I'm sure it started as a Pacific Rim AU, because it's Chinese History with mechas - it's the rise of Empress Wu Zetian in a China where the Great Wall is used to keep kaijus at bay and mechas are controlled with a twin pilot system like Pacific Rim's but with a man and a woman; yet women don't always survive since their psyche can get consumed by the male pilot's while powering their mechas. But Wu Zetian is an Iron Widow, she consumes the male pilots, and the militaristic, patriarchal society she's living in doesn't like that a bit.

The book is fun even though it has its drawbacks. Sometimes it tells too much instead of showing (a good deal of Zetian's training gets glossed over, for example) and I wouldn't have minded a few extra pages. Feels a bit Ex Machina at times. But it has its strengths - Zutian is a good protagonist (doesn't mean she's likeable - this is a woman who has no use for being nice, and you might even call her the villain in this story), the sci-fantasy setting is cool, the story is fairly self-contained even though it's the first of a duology, and the author keeps the inevitable YA love triangle drama to a minimum (and points out the obvious solution - just go poly. Another evidence this was on its way to AO3 at some point)
 

Violentvixen

(She/Her)
Finished the sequel to Before the Coffee Gets Cold, Tales from the Cafe. Loved it, but the first one is a bit better and definitely needs to be read before the second. Re-explaining how the time travel works and re-introducing the characters was clunky and didn't really work to well. Still a lovely, beautiful, short read.
 
The Maleficent Seven by Carmen Johnston
this was awesome. My favorite book of the month so far. Anyway, I want to eventually read the Rebirth run of Superman, but I saw I had to do a bit of homework, so I ended up reading Convergence by Jeff King, Lois and Clark by Dan Jurgens, and The Final Days of Superman by Peter J. Tomasi. The latter two I thought were excellent, Convergence less so. I'm tentatively looking to start the Rebirth run next weekend. For right now, I'm looking to squeeze in one more book for the month with Death on the Nile by Agatha Christie
 

Violentvixen

(She/Her)
Murakami T, which is Haruki Murakami's short essays on random T-shirts he's collected over the years. It is oddly peaceful and random, even he acknowledges it:

It isn't like these are valuable T-shirts or anything, and I'm not claiming they have any particular artistic value, I simply brought out some old T-shirts I'm fond of, we took photos of them, and I added some short essays. That's all there is to it. I doubt this book will be that useful to anyone (much less being of any help in solving the myriad problems we face at present), yet, that said, it could turn out to be meaningful, as a kind of reference on customs that later generations could read to get a picture of the simple clothes and fairly comfortable life one novelist enjoyed from the end of the twentieth century to the beginning of the twenty-first. But then again -- maybe not. Either way works for me. I'm just hoping you can find some measure of enjoyment in this little collection.
Definitely not something I expected my library to have but glad they did.
 

Rosewood

The metal babble flees!
(she/her)
Somewhat belatedly (compared to the rest of the SFF sphere) finished Piranesi a couple days ago. Atmospheric and fascinating, with a surprising emotional punch at the end. I had an online discussion of it this morning that added even more layers, which is always cool.
 

Octopus Prime

Mysterious Contraption
(He/Him)
Finished All the Marvels, which is an easy (maybe even required) recommendation for anyone even passively interested in the history of Marvel comics, and how reality and dozens of creative teams affected the way the story played out.
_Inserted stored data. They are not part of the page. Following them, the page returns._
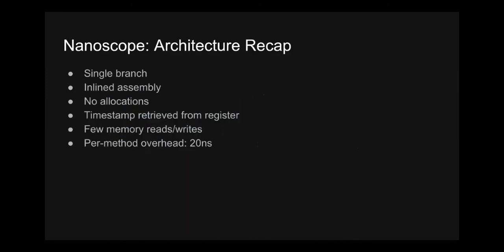Let's do a bit of a recap of some of the architecture decisions we've made. We've pruned it down to just a single branch statement and that's just a check to see whether or not we're tracing. We've inlined the assembly required for the instrumentation of compiled methods. There are zero allocations while we're tracing, so we don't have to pay the cost of any allocations. We retrieve the timestamp directly from the register, from a system register, which is really fast. And we've minimized the amount of reads and writes we do, memory reads and writes. And after obsessing with efficiency, we're really happy with the results and we've measured the per method overhead of Nanoscope to be only 20 nanoseconds.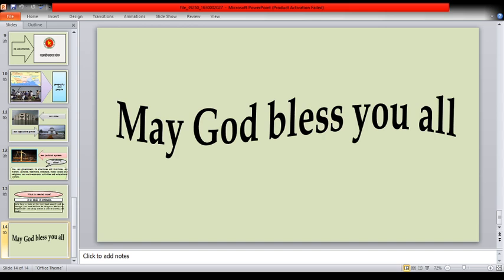May God bless you all. No more today. See you again next time.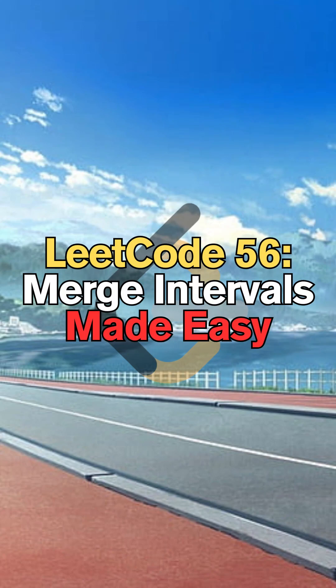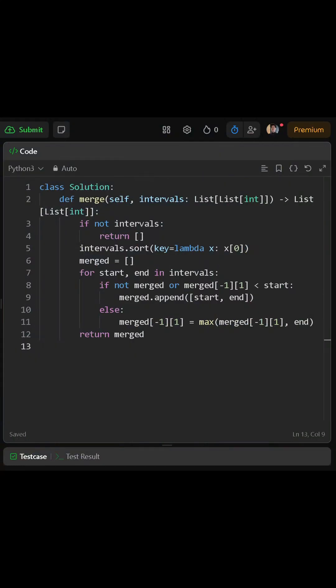Today we'll be solving LeetCode 56, merge intervals. First we check if the list of intervals is empty. If it is, we return an empty list right away.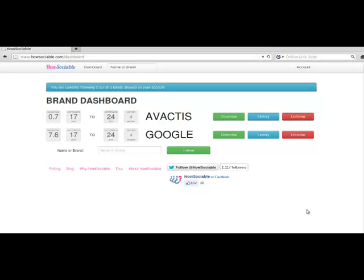Hi everyone, here's a quick overview of how to effectively use your HowSociable Pro account. On your dashboard, you get a high-level view of the overall magnitude for all your brands.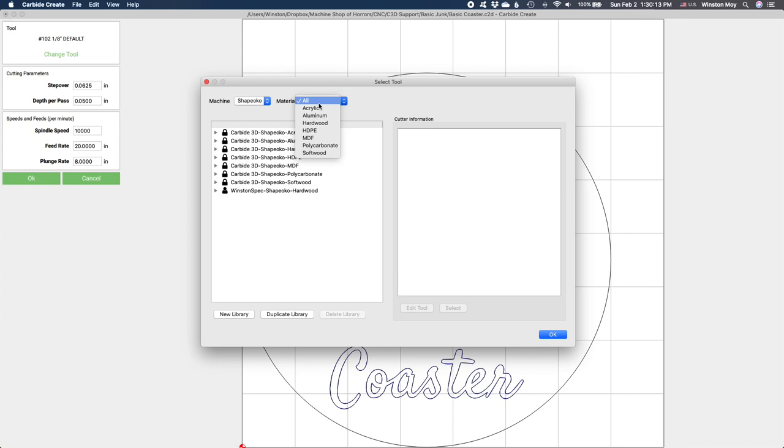HDPE is a good stand-in for most soft plastics. Acrylic and polycarbonate can be generically used for hard plastics. Hardwood parameters are intended for something like maple, but if you're going to cut a super exotic wood species that's at the top of the Janka hardness scale, use some common sense. Maybe back off a little on the settings.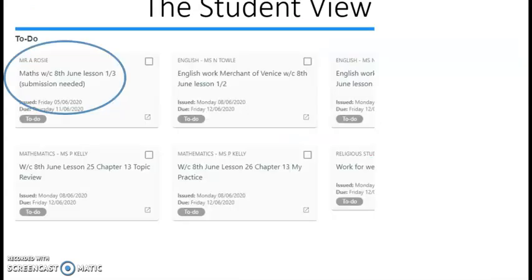You can see here this task the teacher has just set appears now on the student view with that clear identification that a submission is needed from this piece of work.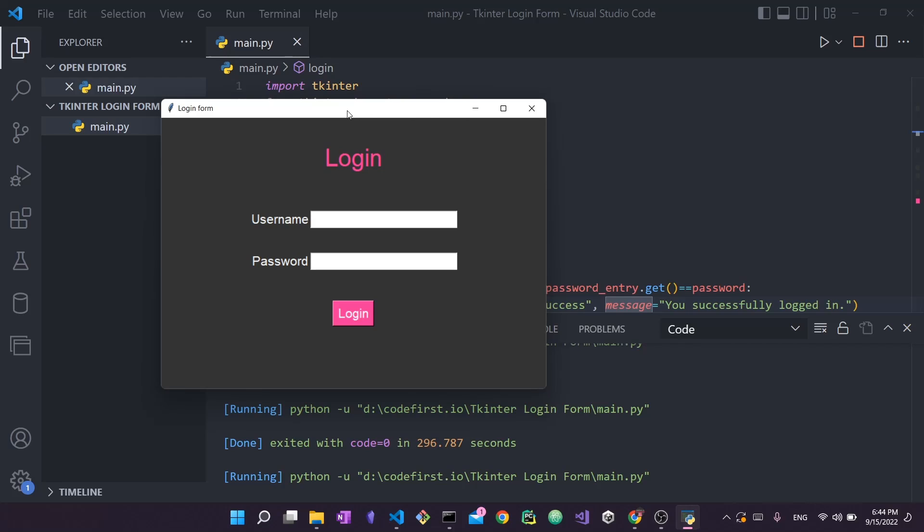Hello everyone and welcome back to my channel. In today's video I'm going to show you how you can take a tkinter application that you created using Python and convert it into an executable file or a .exe file. The process is very simple and I'm going to go through it step by step in this tutorial.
It’s also a good example of why someone would like superhero comics at all, and a primer for how to get your feet wet in the medium.
 
Death on the Nile didn't work for me. Had to DNF it, might try to catch the movie though. Anyway, time to be ambitious. On top of me continuing my read through of WoT with The Dragon Reborn, I am trying some late 18th Century Chinese lit with The Story of the Stone, Vol. 1: The Golden Days by Cao Xueqin
 

Octopus Prime

Mysterious Contraption
(He/Him)
The Maleficent Seven by Carmen Johnston

Well, you caught my attention just with the title, let's see what it's abo-

"Black Herran was a dread demonologist, and the most ruthless general in all Essoran. She assembled the six most fearsome warriors to captain her armies: a necromancer, a vampire lord, a demigod, an orcish warleader, a pirate queen, and a twisted alchemist. Together they brought the whole continent to its knees… Until the day she abandoned her army, on the eve of total victory.


40 years later, she must bring her former captains back together for one final stand, in the small town of Tarnbrooke – the last bastion against a fanatical new enemy tearing through the land, intent on finishing the job Black Herran started years before.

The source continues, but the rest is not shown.